# YOUR TASK
Of the material below, only the lines from the line containing "Автозапчастина б/у задній" down to the line containing "Позашляховик / Кросовер" belong in the answer, written out exactly.

# DATA UNDER STUDY
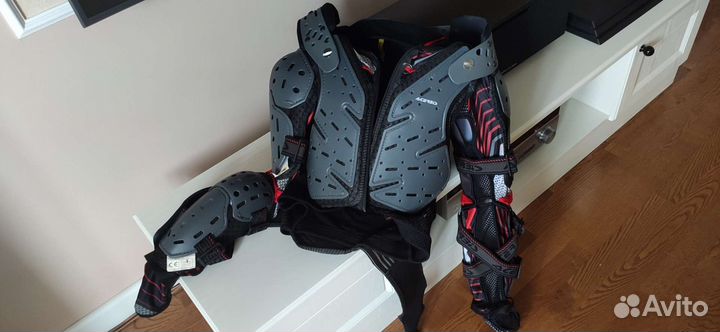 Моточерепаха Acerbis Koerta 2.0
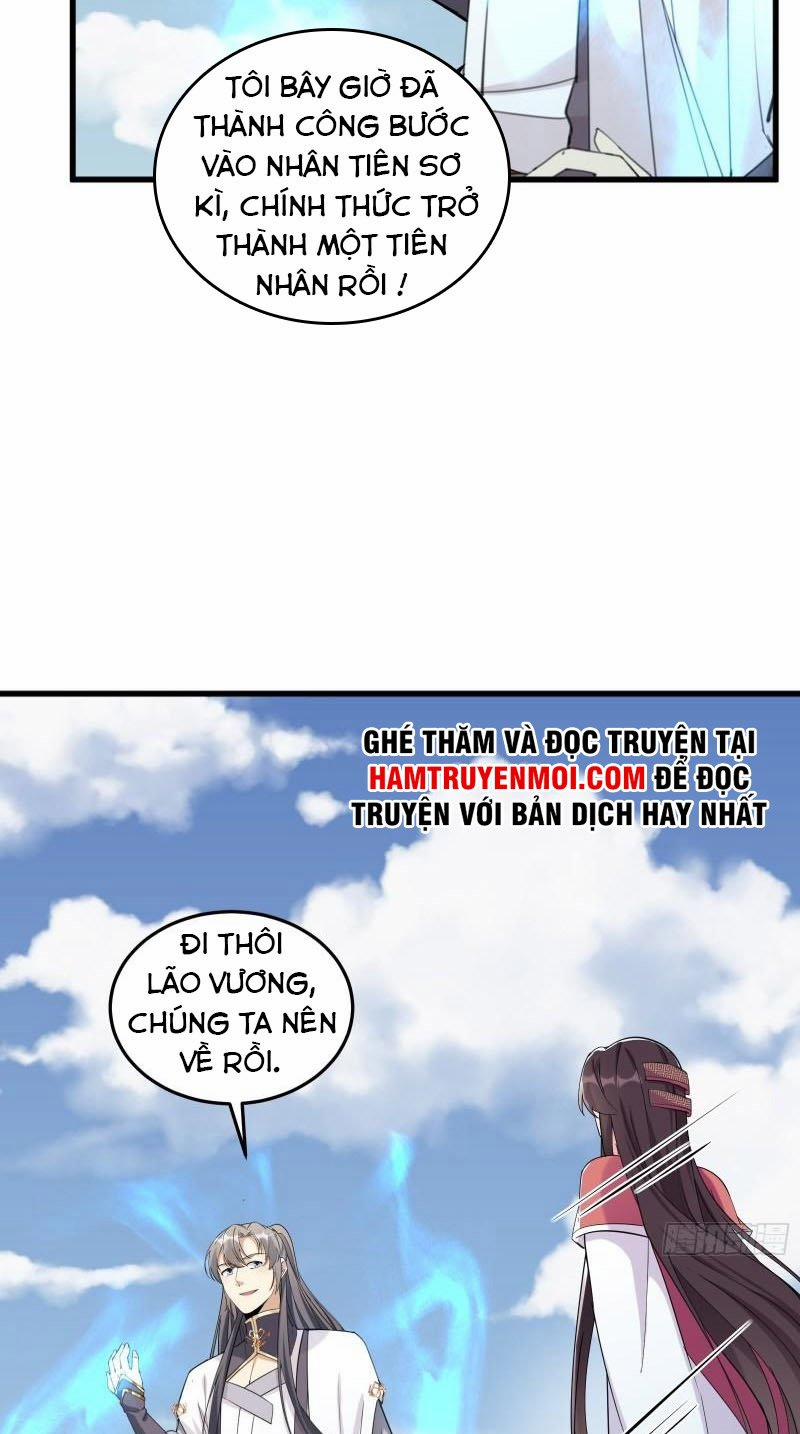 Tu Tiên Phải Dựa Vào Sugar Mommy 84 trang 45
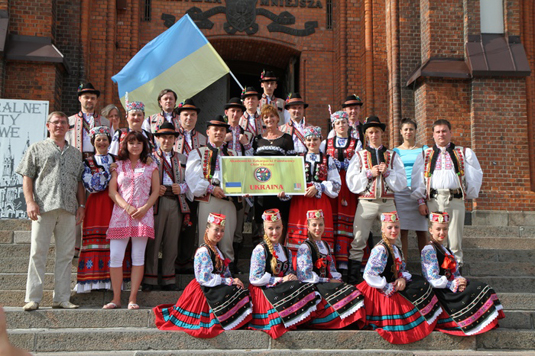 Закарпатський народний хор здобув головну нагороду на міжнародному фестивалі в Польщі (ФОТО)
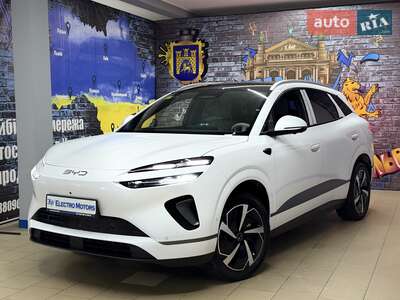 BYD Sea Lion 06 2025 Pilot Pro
--
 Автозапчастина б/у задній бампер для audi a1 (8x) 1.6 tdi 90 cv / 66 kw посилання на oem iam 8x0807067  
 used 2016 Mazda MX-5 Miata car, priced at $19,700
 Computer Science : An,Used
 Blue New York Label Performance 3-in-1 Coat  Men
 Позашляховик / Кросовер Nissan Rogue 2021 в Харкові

# SOLUTION TO THE PROBLEM
 Автозапчастина б/у задній бампер для audi a1 (8x) 1.6 tdi 90 cv / 66 kw посилання на oem iam 8x0807067  
 used 2016 Mazda MX-5 Miata car, priced at $19,700
 Computer Science : An,Used
 Blue New York Label Performance 3-in-1 Coat  Men
 Позашляховик / Кросовер Nissan Rogue 2021 в Харкові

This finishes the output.